On to the older children/teens. An eighth grader might be bored because all his friends are already in high school or because, in school, he is restless and ready to move on. That’s fine. There’s nothing wrong with a teen feeling this. Pain and discomfort are critical parts of growth! What is problematic is when the child does not cope well with this and real problems arise. But the solution is not necessarily to move onto to the next stage of schooling yet! What responsibilities can the eighth grader take on? Work, chores, an independent project, service work….there are many options. At home, an eighth grade Waldorf education probably looks very little like what they do in the classroom (as Waldorf eighth grade is almost entirely taken up with a play, fund raising, class trip and eighth grade projects). This is your opportunity to really work with your child, perhaps in a new way.

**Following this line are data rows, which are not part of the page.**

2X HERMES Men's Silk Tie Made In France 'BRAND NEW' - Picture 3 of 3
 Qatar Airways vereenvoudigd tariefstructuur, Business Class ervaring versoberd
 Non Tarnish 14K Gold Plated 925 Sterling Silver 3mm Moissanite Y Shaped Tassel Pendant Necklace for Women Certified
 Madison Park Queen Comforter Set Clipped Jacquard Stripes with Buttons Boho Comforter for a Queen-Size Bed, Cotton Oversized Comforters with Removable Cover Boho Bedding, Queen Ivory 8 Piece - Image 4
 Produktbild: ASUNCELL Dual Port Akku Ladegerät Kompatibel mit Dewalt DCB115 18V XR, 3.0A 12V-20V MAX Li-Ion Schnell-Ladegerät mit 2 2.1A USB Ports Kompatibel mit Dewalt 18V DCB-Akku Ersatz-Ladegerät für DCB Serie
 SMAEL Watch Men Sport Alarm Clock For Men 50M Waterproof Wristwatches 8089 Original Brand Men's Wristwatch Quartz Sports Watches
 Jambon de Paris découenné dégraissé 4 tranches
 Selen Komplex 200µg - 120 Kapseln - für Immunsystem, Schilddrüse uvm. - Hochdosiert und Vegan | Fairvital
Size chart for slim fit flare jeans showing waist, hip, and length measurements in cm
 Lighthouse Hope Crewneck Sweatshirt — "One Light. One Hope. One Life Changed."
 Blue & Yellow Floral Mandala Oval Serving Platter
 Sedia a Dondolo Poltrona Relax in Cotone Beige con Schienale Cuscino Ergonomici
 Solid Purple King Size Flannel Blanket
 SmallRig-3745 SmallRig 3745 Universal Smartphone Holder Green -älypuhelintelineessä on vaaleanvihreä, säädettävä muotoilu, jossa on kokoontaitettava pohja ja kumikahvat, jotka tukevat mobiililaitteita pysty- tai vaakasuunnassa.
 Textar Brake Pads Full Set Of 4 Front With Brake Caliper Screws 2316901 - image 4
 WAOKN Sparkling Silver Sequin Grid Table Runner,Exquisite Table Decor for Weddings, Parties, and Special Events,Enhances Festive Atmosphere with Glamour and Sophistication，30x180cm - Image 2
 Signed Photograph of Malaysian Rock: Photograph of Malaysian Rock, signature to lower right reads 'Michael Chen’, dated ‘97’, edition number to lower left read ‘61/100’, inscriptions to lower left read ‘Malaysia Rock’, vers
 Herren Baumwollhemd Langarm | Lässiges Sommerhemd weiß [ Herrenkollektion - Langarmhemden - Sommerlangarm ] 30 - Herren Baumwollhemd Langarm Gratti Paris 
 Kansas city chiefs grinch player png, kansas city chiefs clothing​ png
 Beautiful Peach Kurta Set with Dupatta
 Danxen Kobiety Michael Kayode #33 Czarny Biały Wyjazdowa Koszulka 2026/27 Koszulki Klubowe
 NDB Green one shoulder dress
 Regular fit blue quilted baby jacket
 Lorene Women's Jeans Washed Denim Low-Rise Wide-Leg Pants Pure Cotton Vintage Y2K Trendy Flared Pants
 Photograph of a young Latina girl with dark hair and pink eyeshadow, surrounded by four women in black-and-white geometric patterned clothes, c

Eighth grade should be a year of partnership. Your child still needs your guidance and help (and will continue to need this for a few more years) but her interests should be acknowledged. Eighth grade can be a wonderful year for exploring all sorts of possibilities which have not featured in earlier years of schooling.
And the 19 year old? Well, happy to say the school where my eldest had his disaster a few years ago has learned and has moved on. Co-teaching – or even teaching a whole class – is not offered to younger students but is an option for seniors which can be a wonderful opportunity for a 19 year old. Mentoring younger students and tutoring those having difficulties re also very appropriate ways for older teens to stretch themselves and to contribute to helping in their school community. In this particular school they can also opt out of classes they do not wish to do and are encouraged to pursue their own interests of take classes elsewhere if necessary. They also complete a senior project which can range from a photography exhibit to carving wooden signs for the school to writing a play. At home, it is fairly easy to meet the needs of an older senior with a bit of creativity and access to the internet! Unfortunately, in most schools – yes, including Waldorf schools – this could be difficult as the school I am referring to above is not typical at all and thus a student feeling constrained could be a real problem. But again – is this a problem of the student’s age or is this a problem of what is offered in the student’s education?